A bicycle pump contains 250 cm3 of air at a pressure of 90 KPa. If the air is compressed, the volume is reduced to 200 cm3. What is the pressure of the air inside the pump?
use p1v1 = p2v2
Post your work if yo have trouble.
V1 = 90 and V2 =
P1= 250 cm and p9= 200
P1V1 = p2V2
V2=p1V1/p2
V2=250cm3x90kpa/200cm3 =
V2=
It was hard that I thought
To find the pressure of the air inside the pump, we can use Boyle's Law, which states that the pressure of a gas is inversely proportional to its volume, provided the temperature remains constant.

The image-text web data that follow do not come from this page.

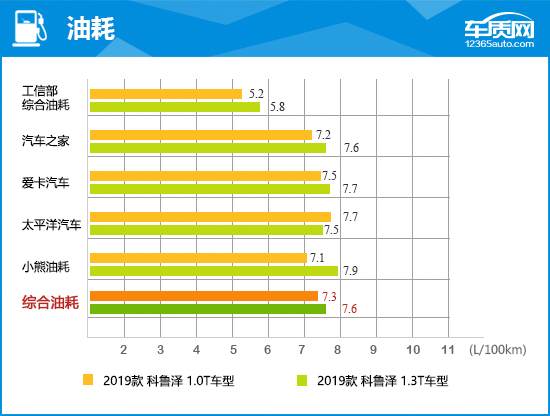 克魯澤5場造10球（2019款上汽通用雪佛蘭科魯澤完全評價報告）
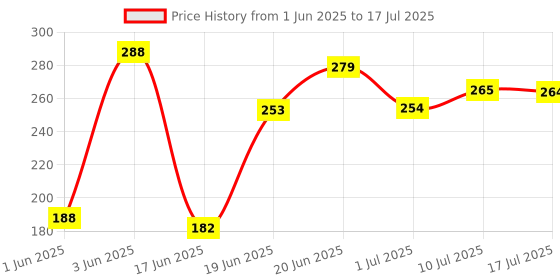 flipkart.com hbd NHVB Audio Interface hbd Price History Graph from 1 Jun 2025 to 17 Jul 2025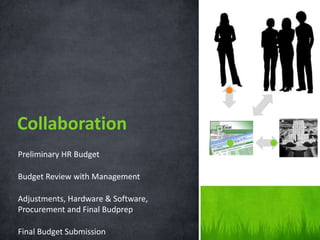 Preliminary HR Budget
Budget Review with Management
Adjustments, Hardware & Software,
Procurement and Final Budprep
Final Budget Submission
Collaboration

Boyle's Law can be expressed as:
P1 * V1 = P2 * V2
Where P1 and V1 are the initial pressure and volume, and P2 and V2 are the final pressure and volume.
Let's substitute the given values into the equation:
P1 = 90 KPa (initial pressure)
V1 = 250 cm^3 (initial volume)
V2 = 200 cm^3 (final volume)
Now we can solve for P2, the final pressure:
P1 * V1 = P2 * V2
90 KPa * 250 cm^3 = P2 * 200 cm^3
22500 KPa·cm^3 = P2 * 200 cm^3
To isolate P2, divide both sides of the equation by 200 cm^3:
P2 = 22500 KPa·cm^3 / 200 cm^3
Simplifying,
P2 = 112.5 KPa
Therefore, the pressure of the air inside the pump is 112.5 KPa.